◆ ABOUT THIS TASK:
The following data needs to be repeated exactly, with all images excluded.

◆ DATA SHOWN:
>>
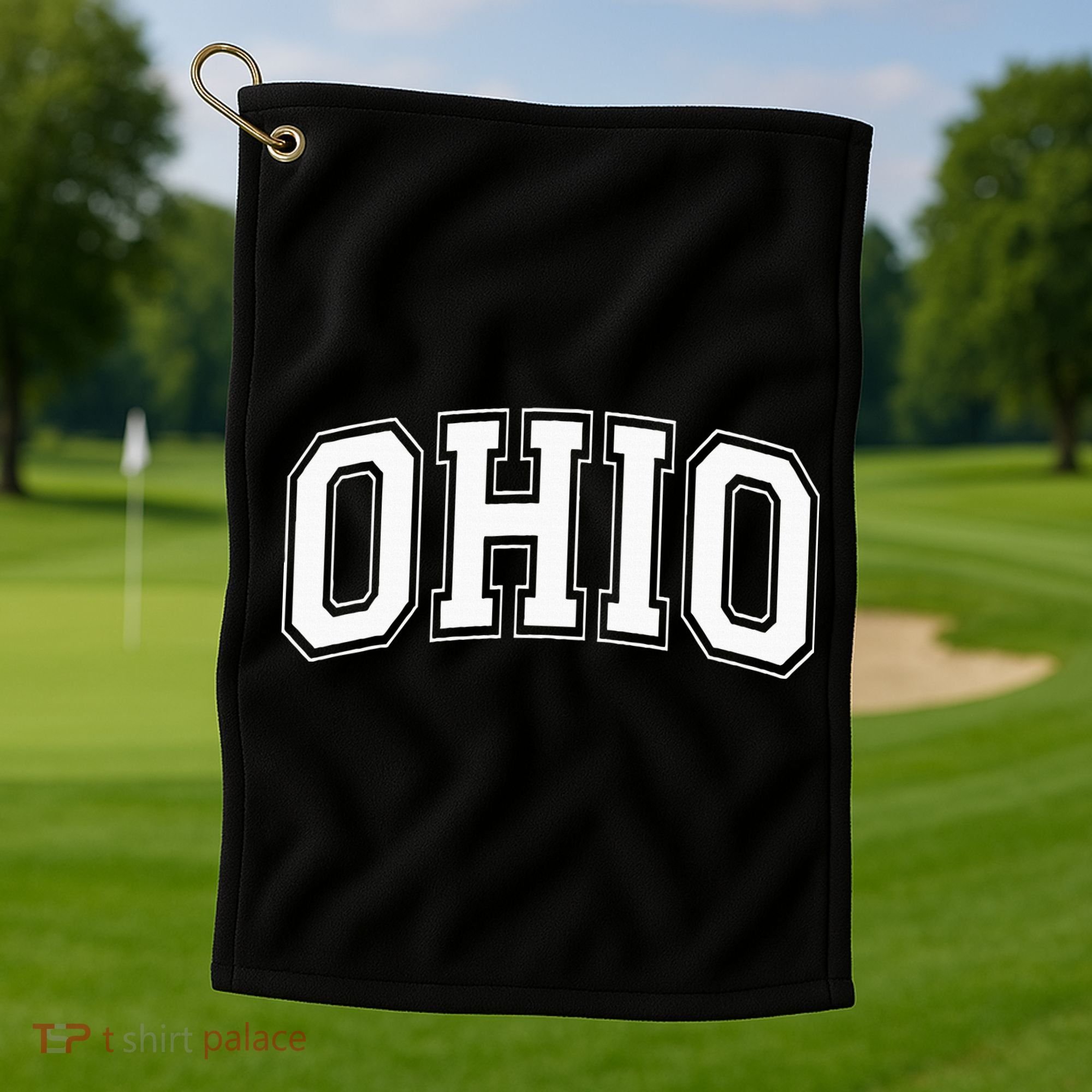 Ohio Oh Ohioan White Text Golf Towel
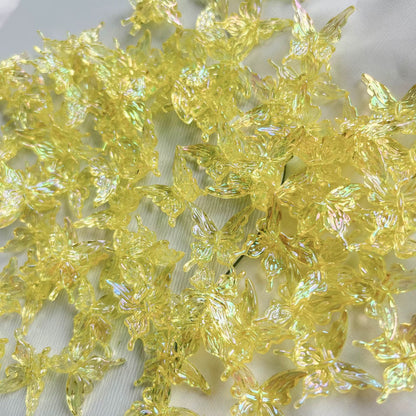 BBB 223 Butterfly Transparent Clear Acrylic bead ( 1 pc ) UV Plated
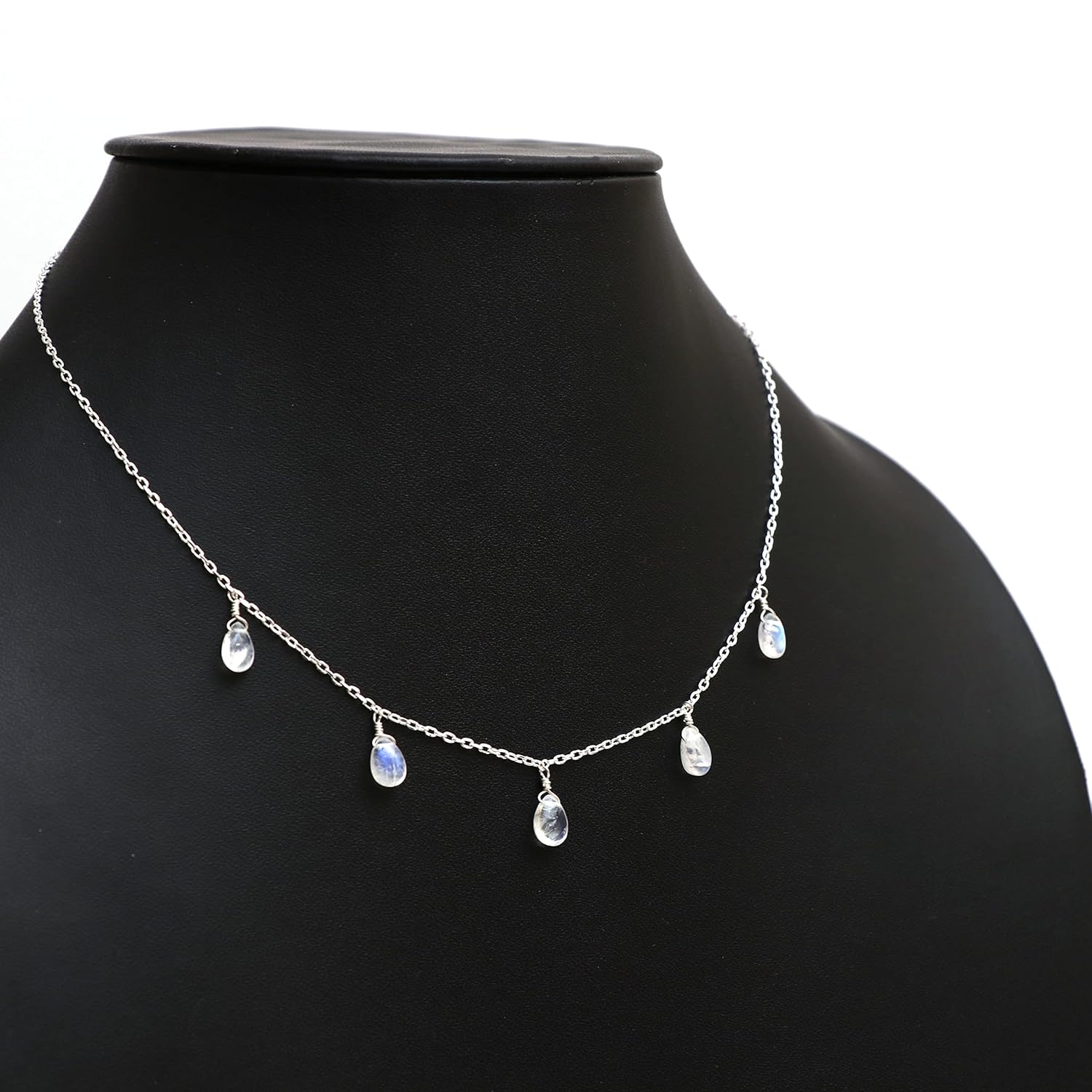 Natural Moonstone Pear Drop Necklace, 925 Sterling Silver Boho Jewelry For Women 16 + 2 Inch Adjustable (Moonstone)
<<
◆ ANSWER AREA:
 Ohio Oh Ohioan White Text Golf Towel
 BBB 223 Butterfly Transparent Clear Acrylic bead ( 1 pc ) UV Plated
 Natural Moonstone Pear Drop Necklace, 925 Sterling Silver Boho Jewelry For Women 16 + 2 Inch Adjustable (Moonstone)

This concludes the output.